With the death of Augustus Tiberius, son of Livia and adopted son of Tiberius, became the new Emperor of Rome. One of the first things that Tiberius did when he came in to power was to reverse the laws that Augustus put in to place trying to protect the morality of Rome. Tiberius spent very little time in Rome during his reign as Emperor and retired to the country to spend the last eleven years of his life. While living in the country Tiberius set new standards of debauchery, going as far as creating a new government office "for the originating of unfamiliar carnal pleasures (Cawthorne 67)." Also at his villa in the country Tiberius housed young boys and girls to peform sexual acts in front of him to arouse his wanning sex drive. The historian Suetonius lays several scandolus allegations at the feet of Tiberius including raping two young boys at a sacrifice. It is said that when the two boys objected to the way Tiberius treated them that he had their legs broken. It is also said that Tiberius was awful. When one woman showed that she did not want to do what he told her to, Tiberius had informers lay false accusations against her and then showed at her trial shouting "Are you sorry now (68)?" Luckily for Rome, Tiberius accomplished very little in his time as Emperor and spent the majority of his time in isolation. Unfortunatly for Rome the man that would become Tiberius' heir would be much worse.

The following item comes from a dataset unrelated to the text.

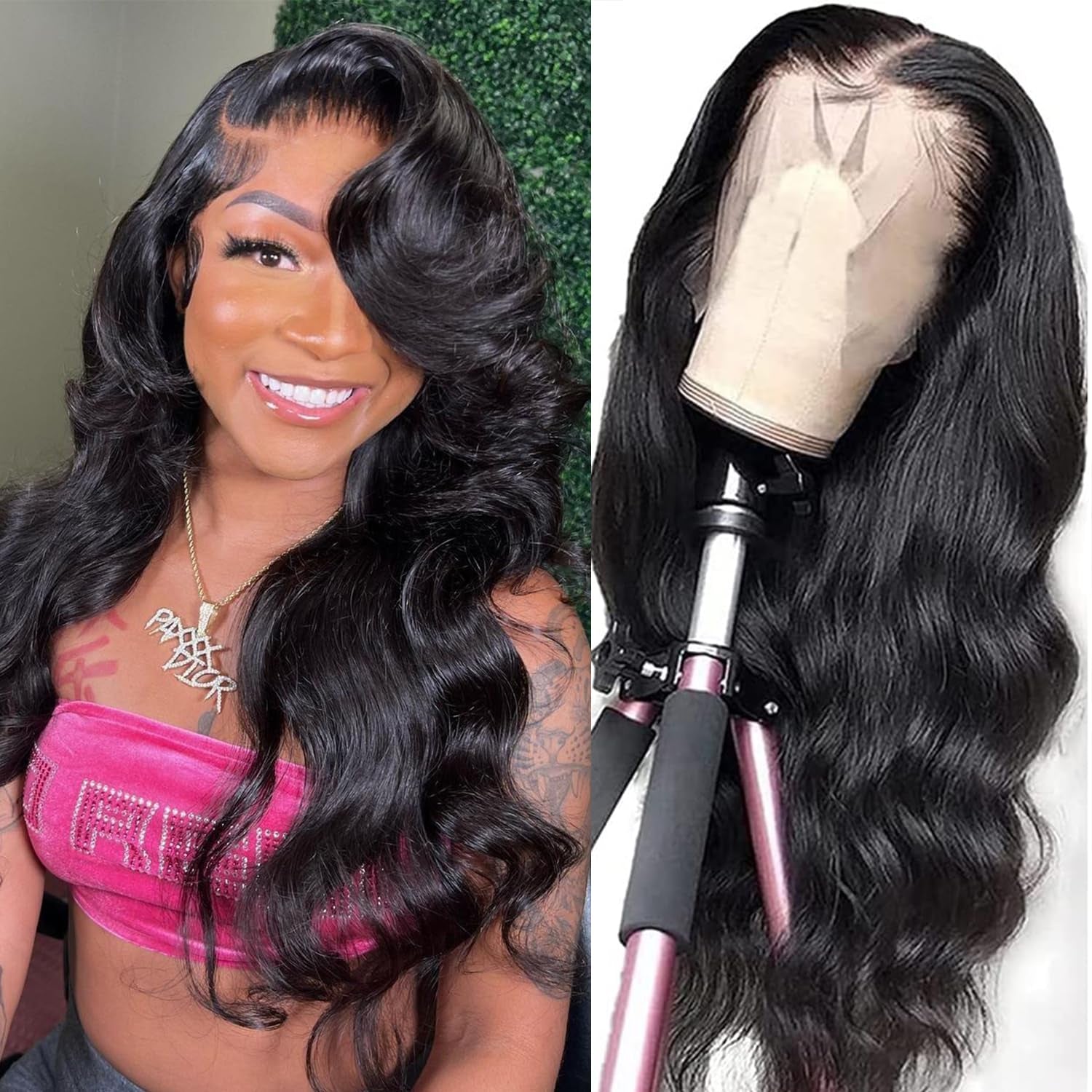 Body Wave 180% Density Human Hair Lace Front Wig - 13X4 HD Lace Frontal, Glueless, Pre-Plucked Natural Hairline, 20 Inch, Black for Women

Born Gaius Julius Caesar Germanicus, Caligula got his nickname meaning "little boots" from the miniature army boots he wore as a child. After his parents and two older brothers died, Caligula was forced to live with Emperor Tiberius in his villa. In fact it was Tiberius who arranged for Caligula's mother and two brothers to be killed (Suetonius 150). Forced to be at the whim of an old man who killed most of his family, Caligula was doomed to witness and participate in disgusting acts of torture and depravity.